Midway through the year Bradley’s game came apart like an orange, in sections. She missed fairways, missed greens, missed putts and every other week or so she missed the cut. She developed symptoms she didn’t understand. “I got very jumpy, very racy, my heart rate was extremely increased. I was always hot, no matter what the temperature was; I’d turn down the air conditioner to 30 degrees, but I was still sweating. And I was always out of breath.” Yet she “never” thought it was a physical problem. “How could it be? I’d just had the greatest year of my life.”

Bradley didn’t consult friends or family, didn’t see a psychiatrist, didn’t say one word about her fears to anyone even as her game and her emotional state fell apart. “I kept it all to myself,” she said. “I didn’t want to let my guard down. I didn’t want to show anyone I was losing it--because I thought I was.” It was obvious to the players that Bradley’s game was a mess, but nobody knew what to say to her. “Everyone said, ‘Be tough. You’re in a slump, play through it. Show them what you’re made of. Show some guts.’ I tried to do that, because I certainly didn’t want anyone to think I wasn’t strong enough to handle this on my own. But the more I tried, the deeper I dug the hole.”

She became depressed and paranoid. “I was so hyper,” she said. “On the tee, if I was first, I’d put the ball in the ground seven or eight minutes before my name was announced. My swing was so fast, it would put out a forest fire. I had to change my putting stance--keep my knees locked--because my body was shaking so much I got paranoid that everyone noticed.” Why was this happening to her? “I thought maybe I might be going through the change of life,” she said, blushing at the thought. “The old saying in golf is that the nerves are the first to go, but my God, I’m only 37 years old.”

Desperately confused, Bradley finally sought medical help. Bradley laughed as she recalled that it took Dr.
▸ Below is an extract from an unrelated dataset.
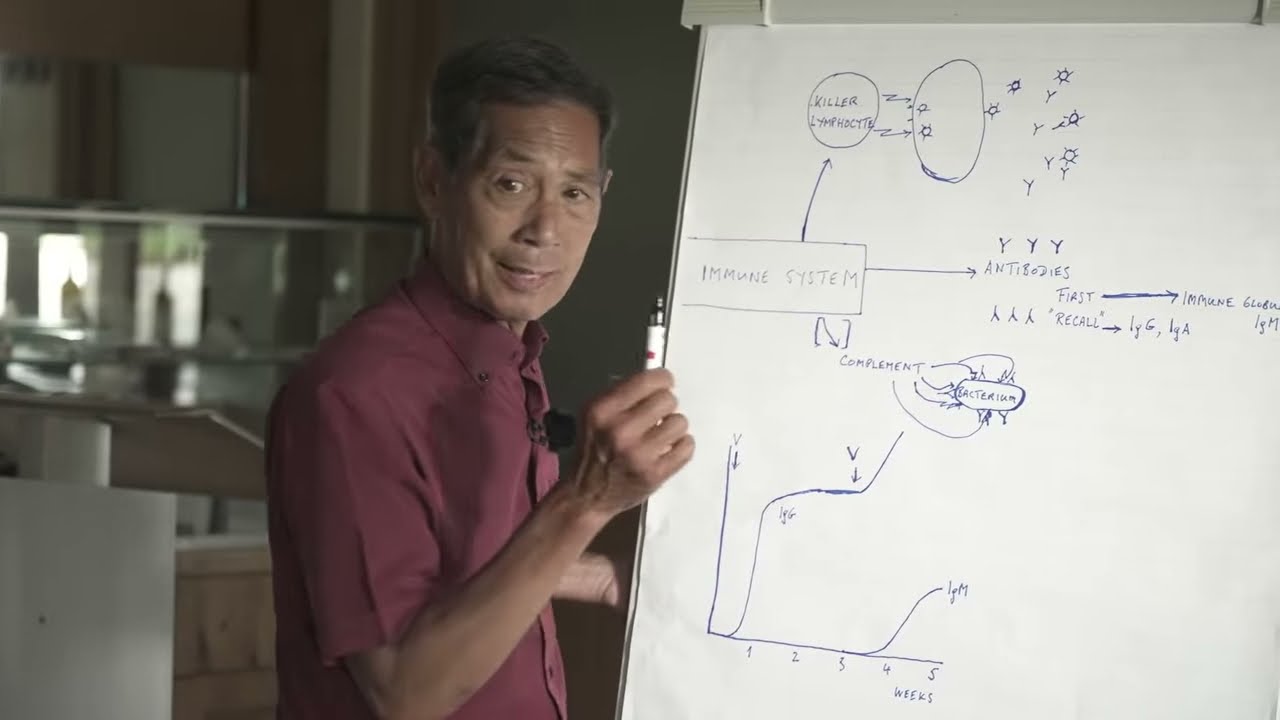 Die Gefahr der mRNA Impfstoffe, biologisch erkl&auml;rt!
Ronald Garvey only a half hour to diagnose the hyperthyroidism, the same condition that afflicts Ben Crenshaw. (Later, Bradley and Garvey played a round of golf for his medical bill; she won, and walked away even.) “A whole year went by,” Bradley said regretfully. “I was too stubborn to admit I could be vulnerable.” Garvey told Bradley the condition was triggered by stress, which surprised her because she figured she’d coped rather well with stress during her career; professional golf is, after all, a highly stressful occupation, and Bradley had been preeminently successful at it. But she was relieved by the diagnosis, admitting, “I was hoping there was something drastically wrong, or I didn’t see how I could go on playing golf.”

Recently, Bradley has been trying to achieve the right balance of medicine, so she can play golf without being negatively affected by either the condition or the cure. “I feel much, much better,” she said, “but I’m still up and down a bit.” She missed the cut at the last week’s U.S. Open, but she’s encouraged. “Before I couldn’t stand over a shot, I couldn’t even drink a cup of water, my hands shook so. I had no strength, I was hitting an 8-iron 105 yards. I can go around the golf course now. I’m stronger. I think the worst is over.”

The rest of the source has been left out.